Like a detective sleuthing across the cosmos, picking apart clues in galaxies and galaxy clusters, analysing the way light bends and the speeds that stars spin, we know of a culprit: dark matter. The next step is to put a face to the name. Rather, a particle to an elusive idea. Ultimately, ‘dark matter’ is a placeholder for the unknown. Something is out there, and here, and everywhere, in huge quantities, but it’s not in the Standard Model of Particle Physics.
Let’s investigate the candidates for dark matter.
Astronomers have steadily eliminated most of the ordinary matter options, like unusually dim stars, leaving strange theoretical particles that quantum physics predicted. Most dark matter is thought to be composed of these subatomic particles.
Firstly, weakly interacting massive particles, aka WIMPs. They’re weakly interacting because they interact only with gravity and the weak force. ‘Massive’ means they have high relative mass. They’re also called cold, not because they appear during snow, but because they move at speeds significantly below the speed of light. Mathematical modelling shows that if WIMPs exist, there must be around five times more WIMPs than normal matter, which is the same abundance of dark matter we need. Moreover, we should be able to detect them through their collisions, which would produce observable light through the recoil of charged particles on Earth. We haven’t detected anything so far.
Axions are similarly promising. Their properties match dark matter: they have low mass, do not emit much light, rarely interact with normal matter, and have no charge. Another hypothetical elementary particle, axions were postulated in 1977 to resolve a problem in quantum chromodynamics, but if they exist with a low mass within a specific range, they could also solve the identity crisis of dark matter. If axions do exist, they could decay into a photon pair, providing an opportunity for detection, but no such detection has been made.

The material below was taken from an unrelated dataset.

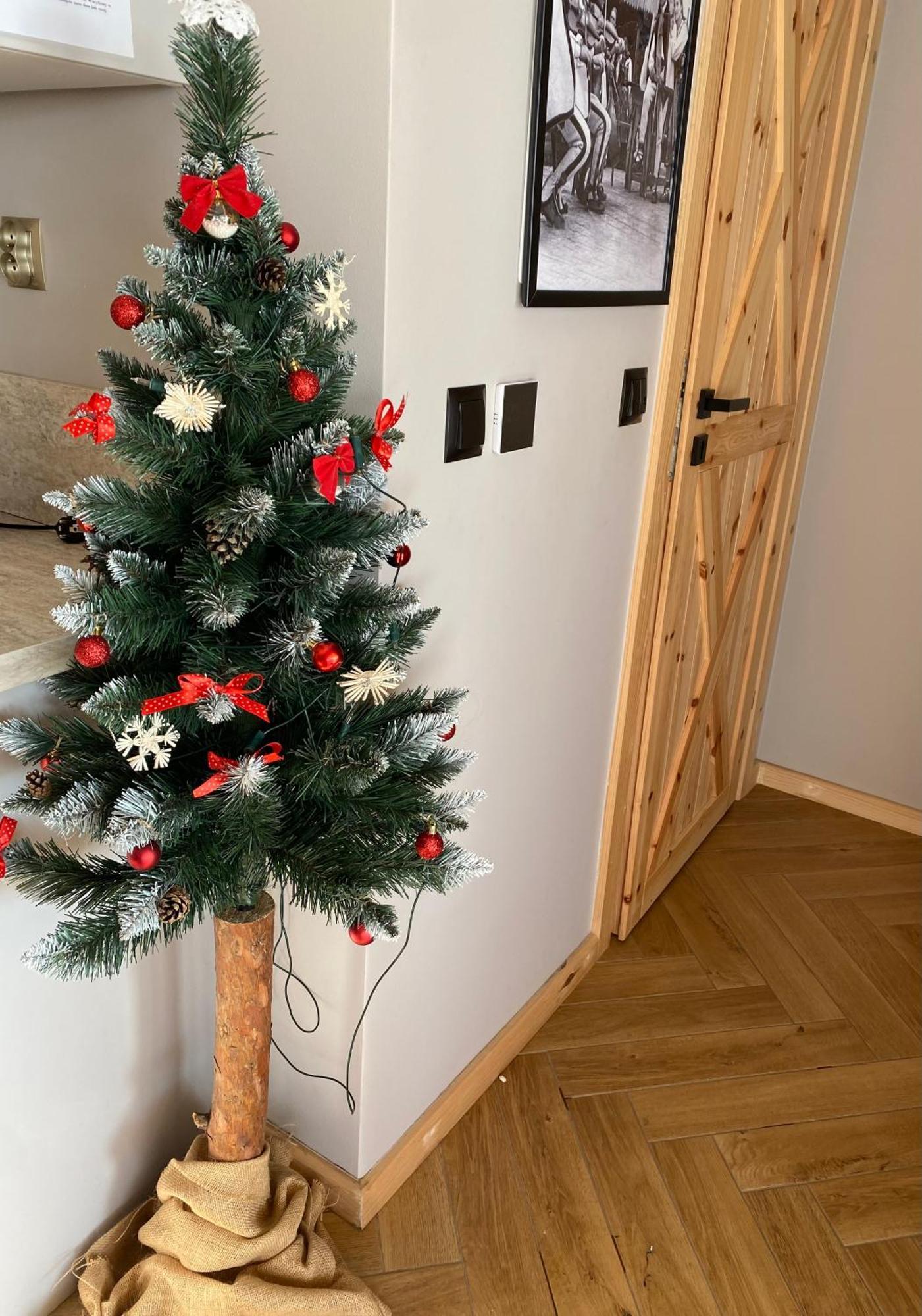 איסטבנה Zloty Gron Log Houses & Apartments מראה חיצוני תמונה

Neutrinos are part of the Standard Model and have been detected. They are fermions which interact only via gravity and the weak force, and they have no charge, so they used to be the best candidates for dark matter. Unfortunately, neutrinos are ‘hot’ in that they move with speeds close to that of light, so neutrinos cannot explain all of dark matter. They are too fast to allow halo formations around galaxies. We need cold dark matter to explain the gravitational formation of (relatively) small structures. Sterile neutrinos, hypothetical versions of neutrino that interact only with gravity, are heavier than standard neutrinos, could be responsible for warm dark matter, but are still more reactive than would be ideal.
Next we have massive compact halo objects, known as MACHOs. These are not particles, and are composed of ordinary matter, but emit little light. The classification includes neutron stars, brown and white dwarfs, planets like Jupiter and primordial black holes. However, analysis of a star cluster in the Eridanus II satellite galaxy by Timothy Brandt suggested that dark matter cannot be made of MACHOs with over five solar masses. MACHOs are probably not the dominant form of dark matter.
Finally, there is the Kaluza-Klein particle, predicted by a theory of a fifth-dimension, which could interact via gravity and electromagnetism, and very light forms of the hypothetical gravitino, a supersymmetric superpartner of the hypothetical graviton.
So many options: WIMPs, axions, neutrinos, MACHOs, Kaluza-Klein particles and gravitinos. This is not an exhaustive list. But no candidate has enough evidence to be accepted as the primary form of dark matter. In fact, dark matter is likely made from multiple sources, each specific to the form of dark matter and its cosmological effects.
On the other hand, there are some cosmological observations which particle dark matter cannot explain.
For example, we know our universe to have uniform density throughout, with slight fluctuations at small scales (like an individual galaxy) but reliable consistency, with a precision of 0.01%, on the largest scales. Simulations of dark matter halos predict density maximums in the centre incompatible with universal density uniformity and with our observations, especially for low-mass galaxies. This problem is known as the core-cusp problem, and it’s built on a process called violent relaxation.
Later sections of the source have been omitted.